El dolor... la frustración, el no saber que decir,
tus dudas. Un enigma... ¿Temores? tal vez...
a estos sucesos que dejan fisuras irreparables,
porque he pensado en ti en todo momento.
Ante mi se cruzaron muchos capítulos compartidos,
ante la interrogante de a donde seguir...
todo en vértigo, luces dispersas, señales de alarma...
caminos difusos... tus ojos en otro sentido...

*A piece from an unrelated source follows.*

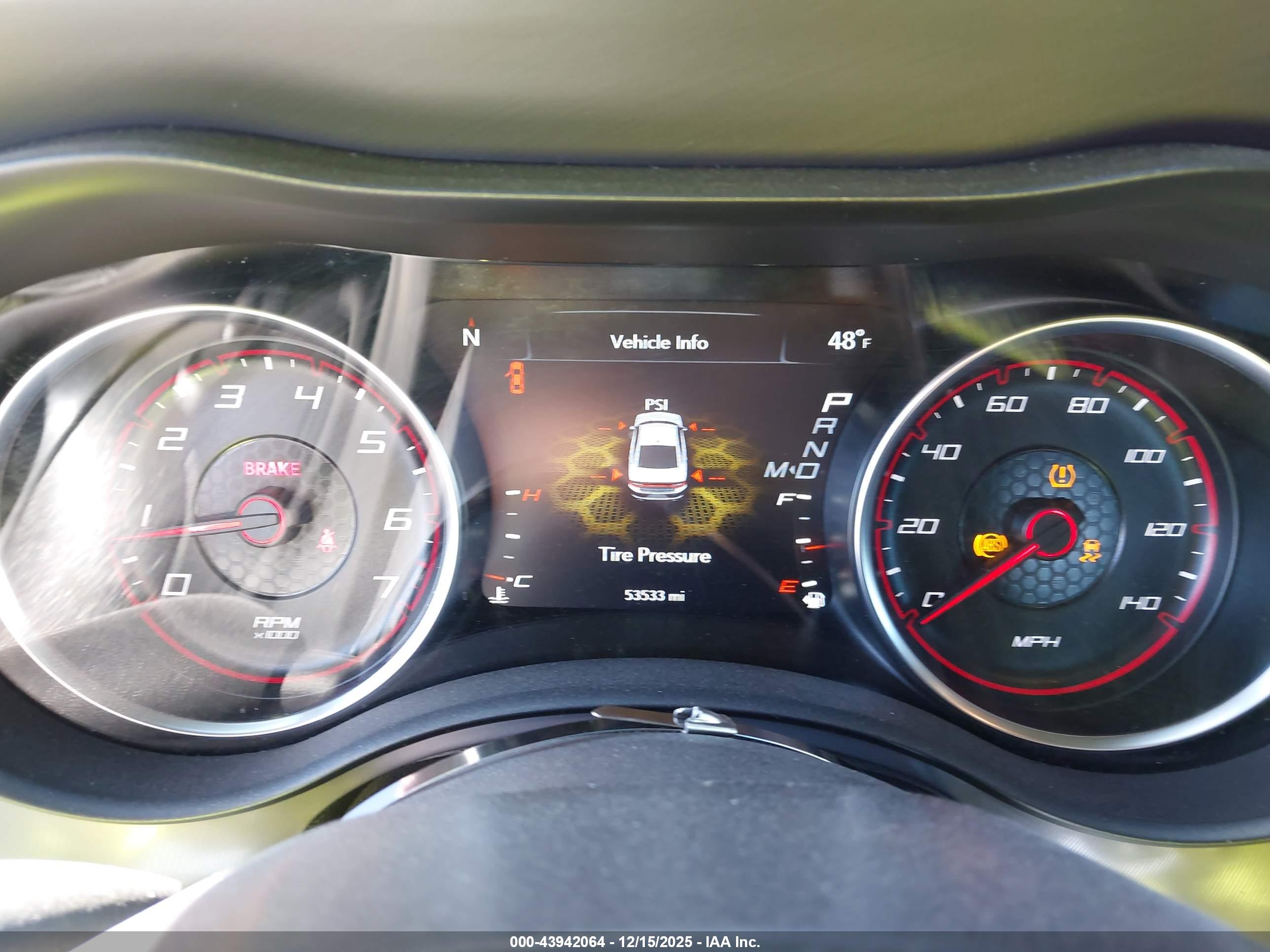 DODGE CHARGER image 7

los míos en busca de tu ternura.
Me ubico aquí para encontrar respuestas,
en ti marcado el desaliento al percibir tensiones
y trato de rescatar la armonía dispersa...
palabras que van y vienen, sin forma determinada,
ni siquiera un reproche concreto, pero si
esa sutil apreciación y los detalles que guardas
en tu alma.
La angustia por el quebranto, el caminar sigiloso
los pasos discretos. la ansiedad a flor de piel...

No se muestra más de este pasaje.